# New Goats are here - Color questions



## Epona142 (May 26, 2008)

We picked up the newcomers today; a momma (Honey), a yearling (Rudy, probably pregnant), and one of Honey's kids. (No name yet, born in December)

For those more knowing than I, what would their colors be called? I know Honey is most likely a chamois.

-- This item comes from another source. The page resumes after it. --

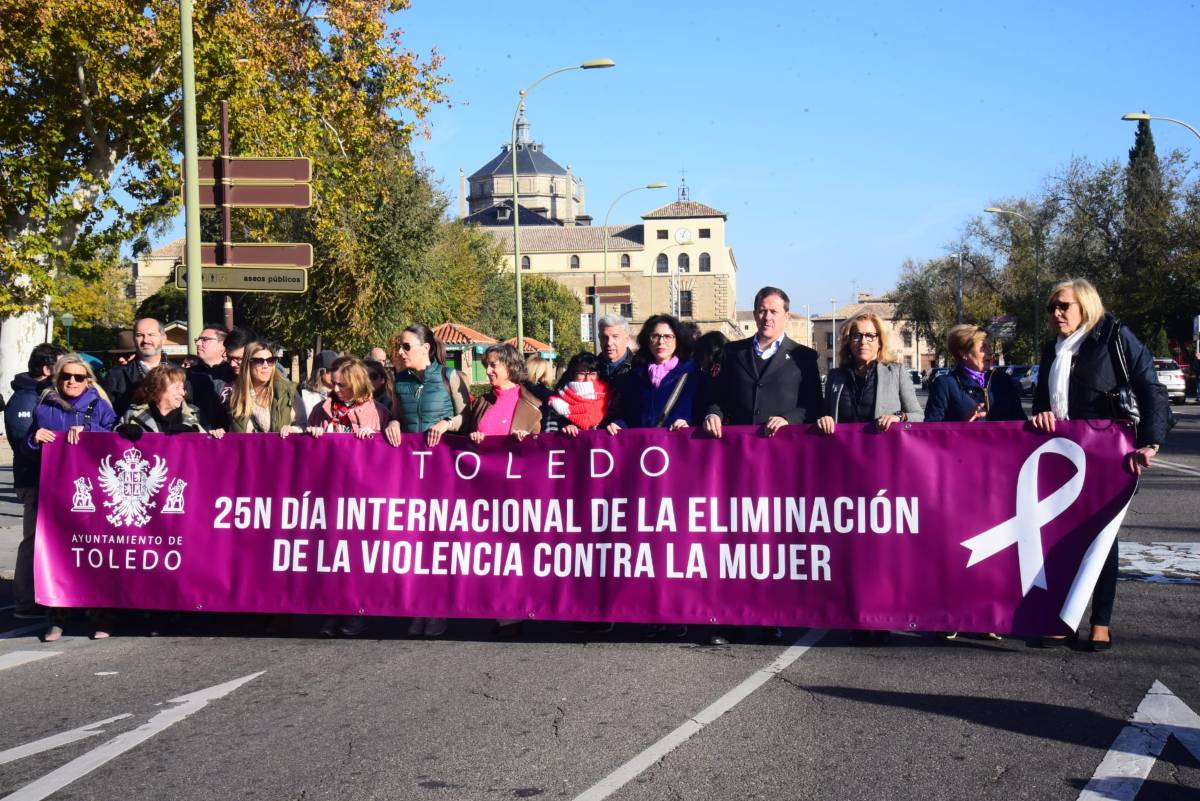 Manifestación convocada por el Consejo Local de la Mujer, secundada por PP y Vox. Foto: Rebeca Arango.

Aren't they the cutest? A little wild, but I was able to scratch them a little bit while I fed them.


----------



## StaceyRosado (Oct 5, 2007)

Honey is either carmel or chamoisee

Baby girl is black and white

Rudy -- difficult to say. seems like she doesnt have a distinct color pattern or I should say one distinct pattern. I want to say possibly broken buckskin :shrug:


----------



## Epona142 (May 26, 2008)

I thought she would be difficult. I suppose I could call her a tri-colored broken buckskin? She sure is cute . . . we may hold onto one of her babies instead of one of Hope's, as her kids will not be related to my buck. It all depends I suppose. I sure wish I could let ya'll hear how she sounds, everytime I hear it I laugh like crazy!


----------



## Amos (Oct 2, 2008)

They sure are pretty!
Maybe Rudy will have a buckling if shes preg, and Hope will have a doeling XD


----------



## Epona142 (May 26, 2008)

Nooooo...don't tempt me into keeping another male! :slapfloor:


----------



## KW Farms (Jun 21, 2008)

Honey is a medium caramel agouti.
Second doe is a mix of different colors, looks like some buckskin, but a lot of blending....There wouldn't be any distinct color pattern on her.
Third doeling is black w/ minimal white. 
They all are really cute!!!


----------



## mnspinner (Aug 13, 2008)

Honey I would call chamoisee with some roaning; the other, I agree doesn't have definite pattern enough (like a cape for buckskin ) for me to call it anything but tri-color.


----------